Thanks to all who participated in the annual river sweep. A lot of these were kids giving up a few hours of a saturday morning to clean up. Met Skeeter 175 and appreciate his time. Also Bob Schweinsberg. They ended up with almost 30 bags of trash.Thanks again


----------



## Daveo76 (Apr 14, 2004)

Sorry, I forgot to mention that the location was Greenup Dam


----------



## CoolWater (Apr 11, 2004)

Glad to see stuff like that going on, nice job to all that participated!


----------



## bow_man1 (Jun 12, 2007)

It's a shame that things like this have to take place, if everyone would just pick up their own trash!
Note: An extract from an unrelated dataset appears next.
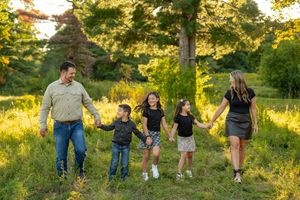 Family walking together through a sunlit meadow during golden hour in a series of connected photos.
I fish at Racine and it's starting to look pretty bad. Well anyway, a big thumbs up to all you who participated in this.


----------



## LittleMiamiJeff (Oct 1, 2005)

Thanks Dave, and all those who helped, 30 bags of trash, next flood it's all headed down to Meldahl, to add to the 50 bags already there!
LMJ


----------



## catking (Apr 5, 2004)

Great to see people doing this.Good for you!! Just a few weeks ago a neighbor rented a dumpster and put it in a pull off next to the east fork river of the Little Miami and filled it with tires, washmachines,bottles and other assorted trashes. Looks fantastic. Maybe people don't think removing small amounts will add to anything, but if alot of small amounts are removed.....THE CATKING !!!


----------



## C J Hughes (Jan 24, 2006)

7 big trash bags picked up in less than 25 yards of shoreline . What a great effort put forth by many .


----------



## gotwipers (Mar 31, 2007)

Good job guys. How hard is it for people to clean up after themselves . Keep up the good work guys.


----------



## FISHNASTY (Oct 19, 2004)

Here's a suggestion I started doing a few years ago, I bring a bag for my trash and often times get it half full with other stuff I find along the bank. Every little bit helps.


----------